In Europe these days, a lot of people are talking about “too big to fail”. For example, Denmark’s biggest banks recently asked the government to tell them exactly how far it would go to bail them out of a financial crisis, if one occurred. An analogy would be, roughly, asking one’s parents how much money they would transfer if a child falls too deeply into debt.
But this is bigger than just banks. David Miliband, soon to be President and CEO of the International Rescue Committee, published a piece on 10 May that talks about the chance that the entire concept of the Eurozone could fail: “The EU isn’t too big to fail, but it is too important to”. Imagine the list of countries which now share the euro as a common currency somehow having to go back to the way it was 25 years ago.

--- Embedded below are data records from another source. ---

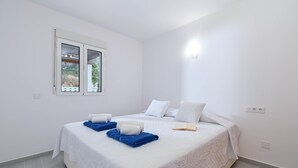 A bedroom with a bed, two pillows, a window, and a bedside table. - Limoncello - Denia, Costa Blanca (Denia)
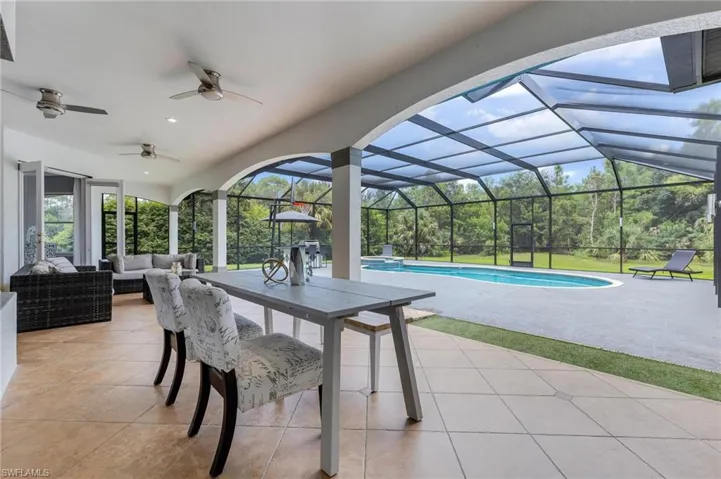 View of patio / terrace with an outdoor hangout area, an outdoor pool, ceiling fan, a lanai, and a sunroom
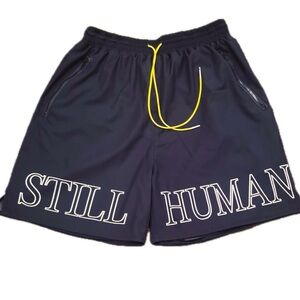 Black STILL HUMAN shorts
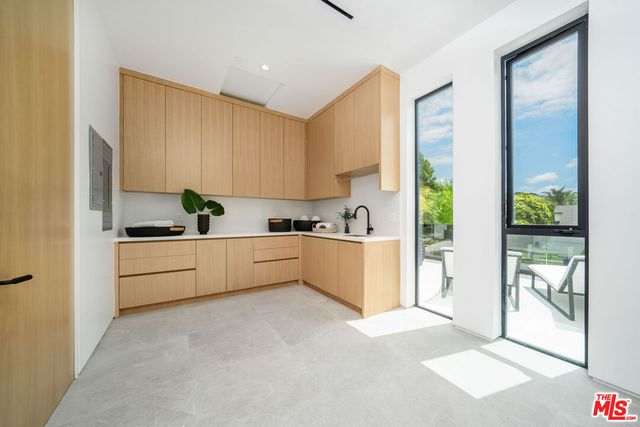 a view of an house with swimming pool and chairs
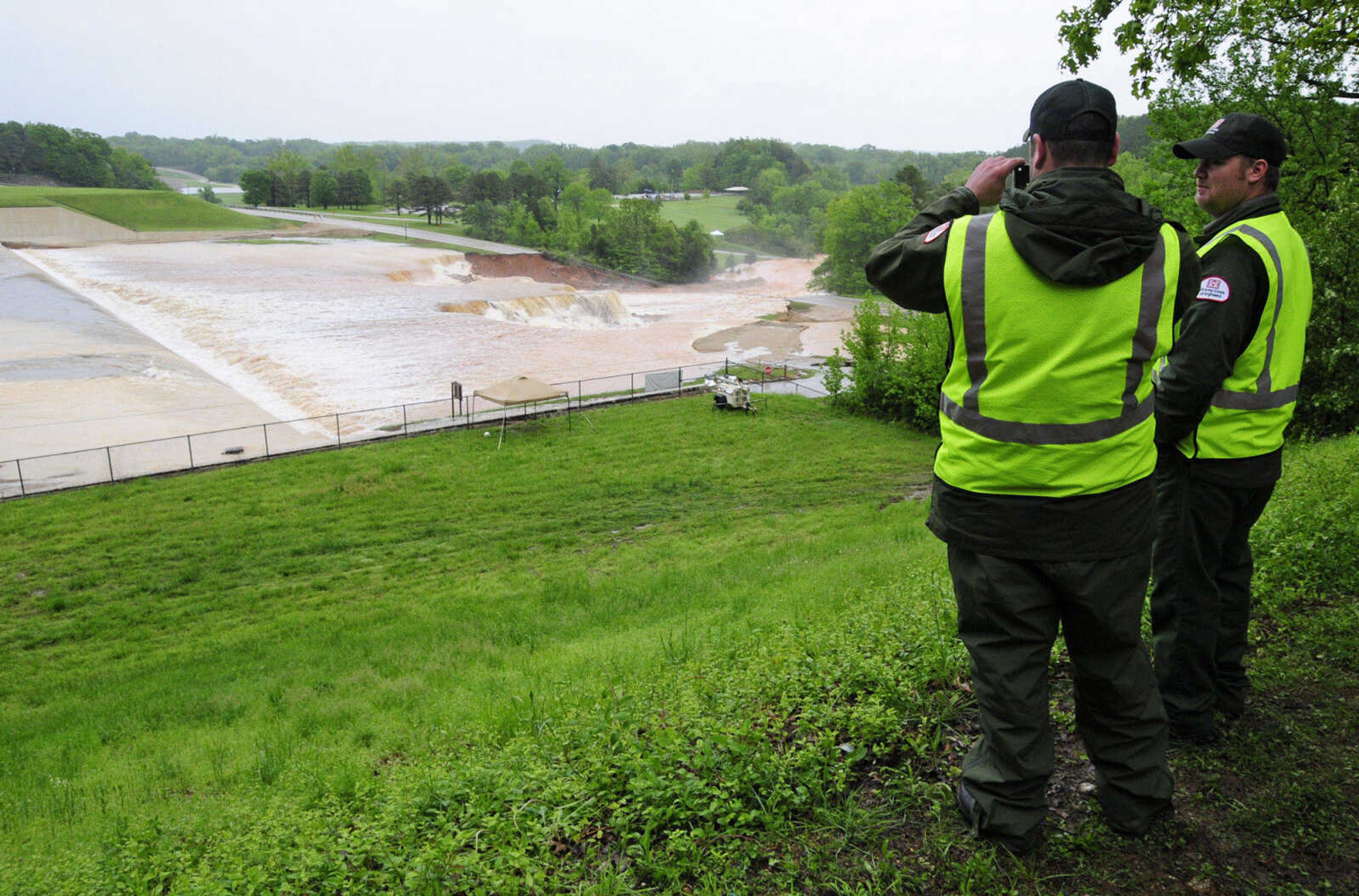 U.S. Army Corps of Engineers personnel watch as Wappapello Lake in Wayne County, Mo., overflows its emergency spillway Monday morning, May 2, 2011, threatening residents downstream on the St. Francis River. (AP Photo/Daily American Republic, Paul Davis)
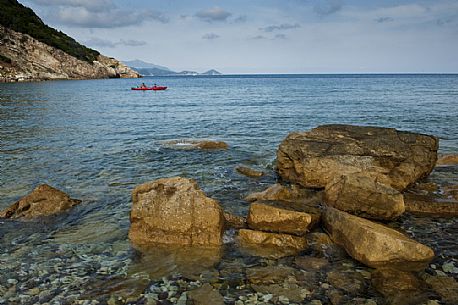 Tourists on a kayak enjoy the crystal clear waters of Cala del Nisportino, Elba island, Tuscany, Italy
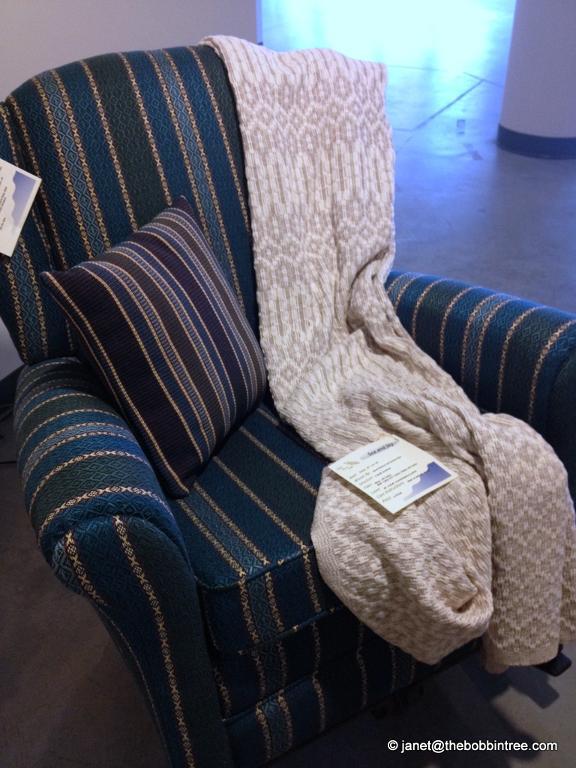 chair covered with handwoven fabric and a blanket and pillow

Between big banks and geopolitical structures are all those businesses that must worry about surviving. Just in case you think your firm is way, way too big to ever flop, I have a sobering assignment for you. Go to this Wikipedia page and see the names of all the companies that were at the top of their game — till they died. What’s one common link between Motorwagenfabrik Excelsior, Lionel Corporation, All Metal Products Company, Waltham Watch Company and Miranda Camera Company? They all had to learn to publicly say “adios” in their respective home language.
Ah, but perhaps you are small (or an optimistic startup) and feeling a tad more secure because you are feeling too nimble to fail. Dream on. Brian Solis, author of What’s the Future of Business?, gives an interesting stat on his website: “In the United States alone, over 500,000 new startups emerge every year. Of that, 50% are likely fail within the first year. And, within the first five years, another 56% are expected to fail.”
Melinda Emerson has a short list of good points to consider about “Top Preventable Causes For Small Business Failure”. It was published at the end of April on the Huffington Post. I commend it to you.
In a past post, I wrote about “Success. Failure. Boom. Bust.” I’d like to repeat the advice I gave there. These four points are something I think about on a daily basis:
- Finding your next is a challenge even for the biggest and most successful companies — and perhaps more so as the challenge of continued growth on a large base is daunting.
- Today’s advantages (such as Apple’s retail stores) can become tomorrow’s liabilities and “sensing” when to shift organizational priorities is critical. A subtle dimension of finding your next is the ability to know when to redirect investment from waning assets classes (like retail).
- Foresensing is about identifying possible productive opportunities for the future and not about identifying sure things. The mantra “fail often, fail fast, and fail cheaply” holds true when it comes to nextsensing.
- Your upending may not come from a big and known competitor. Thus, constantly observing — especially on the periphery — can help you get an “early sense of things” before others. It is not a question of whether a new competitor will emerge but, rather, when and from where. The bigger you are, the farther you have to fall. As one of the comments posted on the blog (by Michael Long) notes, “Apple? Maybe, but are we forgetting just how quickly the world switched from Alta Vista’s search engine to Google? One day AV was — quite literally — at the top of the heap. Google knocked them off in less than a year. All you need is a major disruption in search, one that gives quantitatively better results, and a new search engine is just a click away. And with it go Google’s ad revenues. Boom.”
Whether you are fretting about being too big to fail or too small to fail, I would urge you to think about the best antidote for either: new thinking. In business, many giants and many dwarves have stumbled, fallen and died. Yet, I cannot think of one financial obituary that reported that a business failed because it was too smart.